---- Records provided
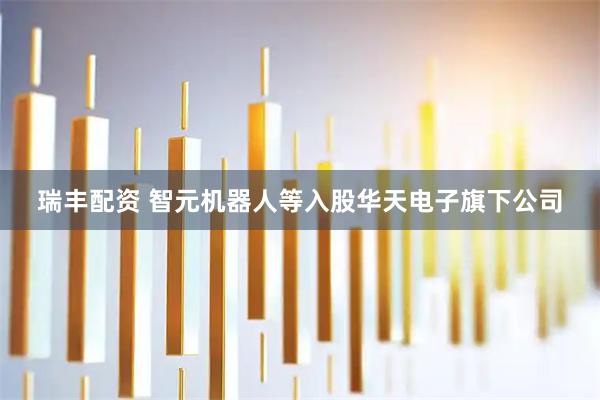 瑞丰配资 智元机器人等入股华天电子旗下公司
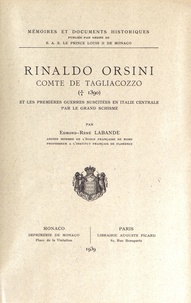 Edmond-René Labande - Rinaldo Orsini, comte de Tagliacozzo (+ 1390) et les premières guerres suscitées en Italie centrale par le grand schisme.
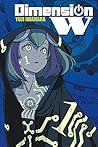 Dimension W, Vol. 1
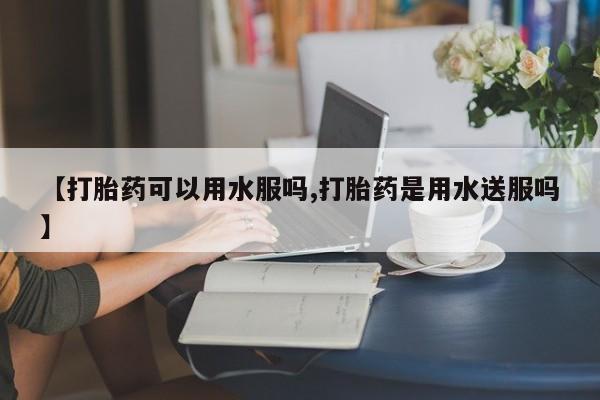 最便宜的打胎药的私人微信【打胎药可以用水服吗,打胎药是用水送服吗】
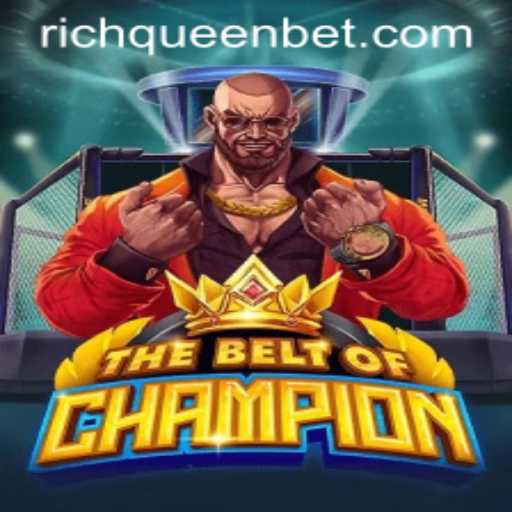 The Exciting World of TheBeltOfChampion: A Comprehensive Guide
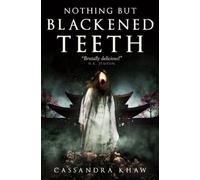 Rien d'autre que des dents noircies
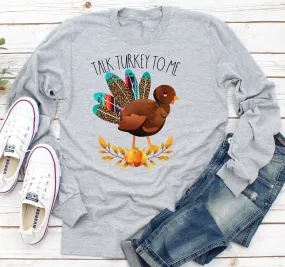 Talk Turkey To Me Leopard Thanksgiving Autumn Hay Ride Orchard Adult Kids Toddler Long Sleeve Shirt
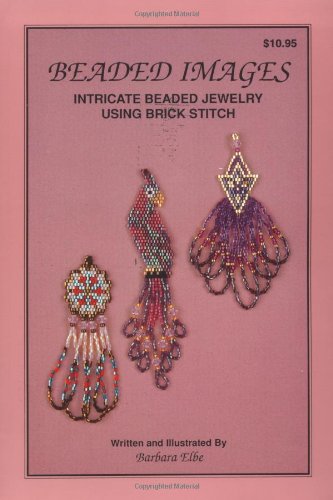 Beaded Images: Intricate Beaded Jewelry Using Brick Stitch - 2996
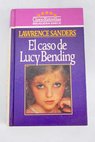 El caso de Lucy Bending / Lawrence Sanders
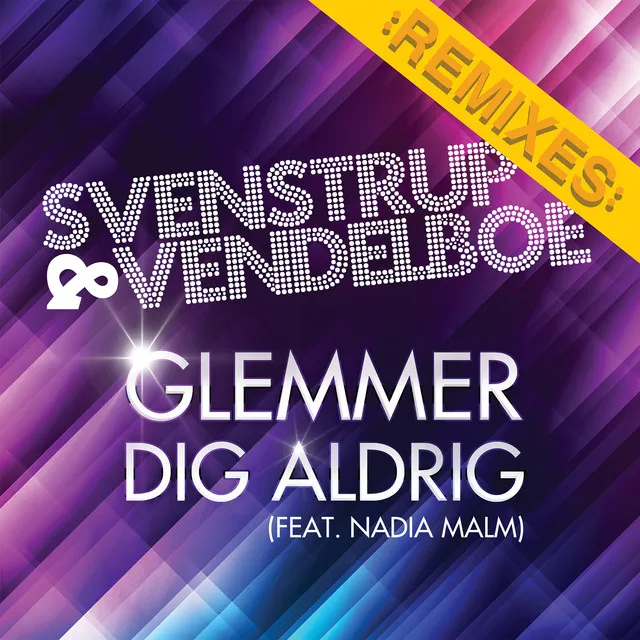 Glemmer Dig Aldrig - Steffwell & Freisig Remix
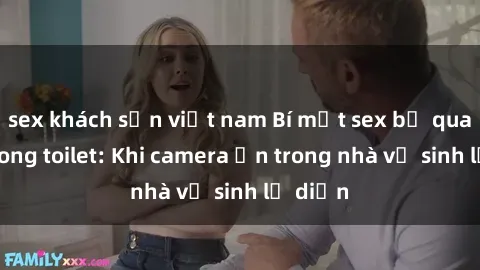 sex khách sạn việt nam Bí mật sex bị quay lén trong toilet: Khi camera ẩn trong nhà vệ sinh lộ diện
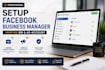 setup professional facebook business manager, verified bm and ad account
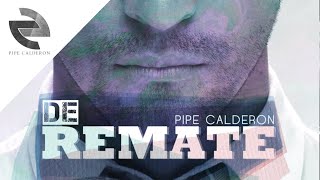 Pipe Calderón Feat Oco Yajé  De Remate Canción Oficial ® [upl. by Annawak]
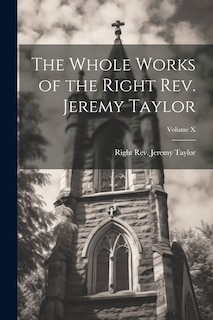 Couverture_The Whole Works of the Right Rev. Jeremy Taylor; Volume X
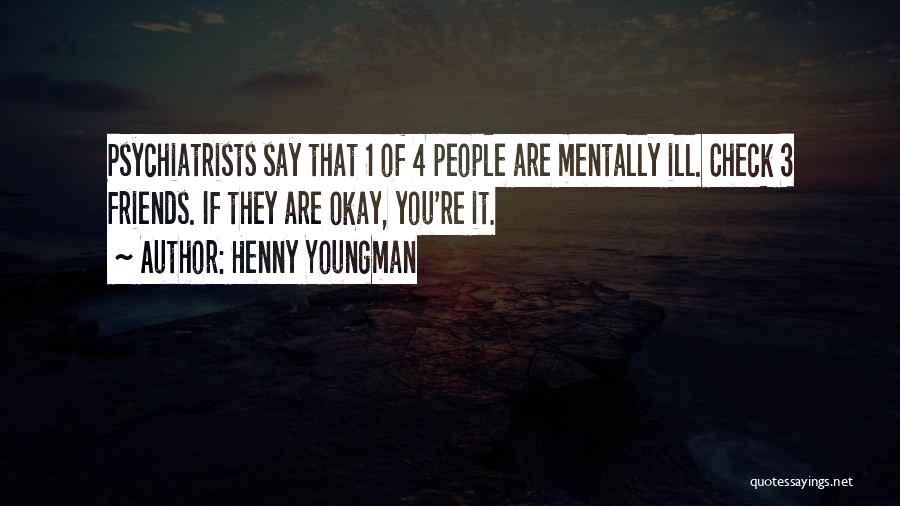 Henny Youngman Quotes: Psychiatrists Say That 1 Of 4 People Are Mentally Ill. Check 3 Friends. If They Are Okay, You're It.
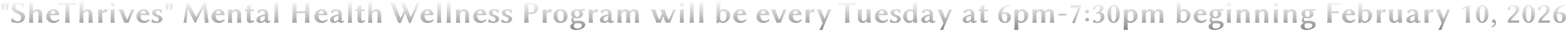 "SheThrives" Mental Health Wellness Program will be every Tuesday at 6pm-7:30pm beginning February 10, 2026 "SheThrives" Mental Health Wellness Program will be every Tuesday at 6pm-7:30pm beginning February 10, 2026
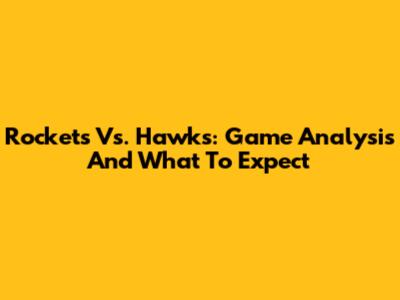 Rockets Vs. Hawks: Game Analysis And What To Expect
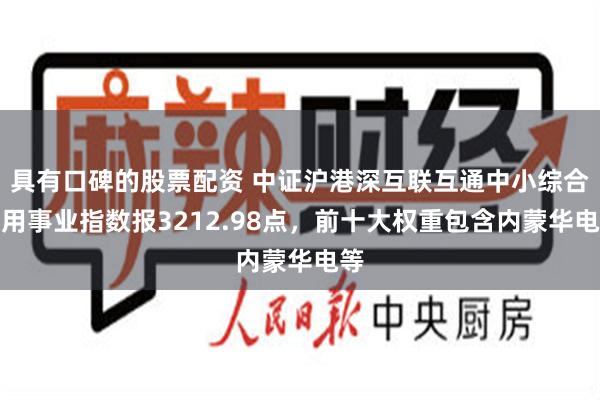 具有口碑的股票配资 中证沪港深互联互通中小综合公用事业指数报3212.98点，前十大权重包含内蒙华电等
--------
Task description:
Take the lines from the one holding "sex khách sạn" through the last line of the data above and copy them exactly, both ends included, omitting all pictures.

Task result:
 sex khách sạn việt nam Bí mật sex bị quay lén trong toilet: Khi camera ẩn trong nhà vệ sinh lộ diện
 setup professional facebook business manager, verified bm and ad account
 Pipe Calderón Feat Oco Yajé  De Remate Canción Oficial ® [upl. by Annawak]
 Couverture_The Whole Works of the Right Rev. Jeremy Taylor; Volume X
 Henny Youngman Quotes: Psychiatrists Say That 1 Of 4 People Are Mentally Ill. Check 3 Friends. If They Are Okay, You're It.
 "SheThrives" Mental Health Wellness Program will be every Tuesday at 6pm-7:30pm beginning February 10, 2026 "SheThrives" Mental Health Wellness Program will be every Tuesday at 6pm-7:30pm beginning February 10, 2026
 Rockets Vs. Hawks: Game Analysis And What To Expect
 具有口碑的股票配资 中证沪港深互联互通中小综合公用事业指数报3212.98点，前十大权重包含内蒙华电等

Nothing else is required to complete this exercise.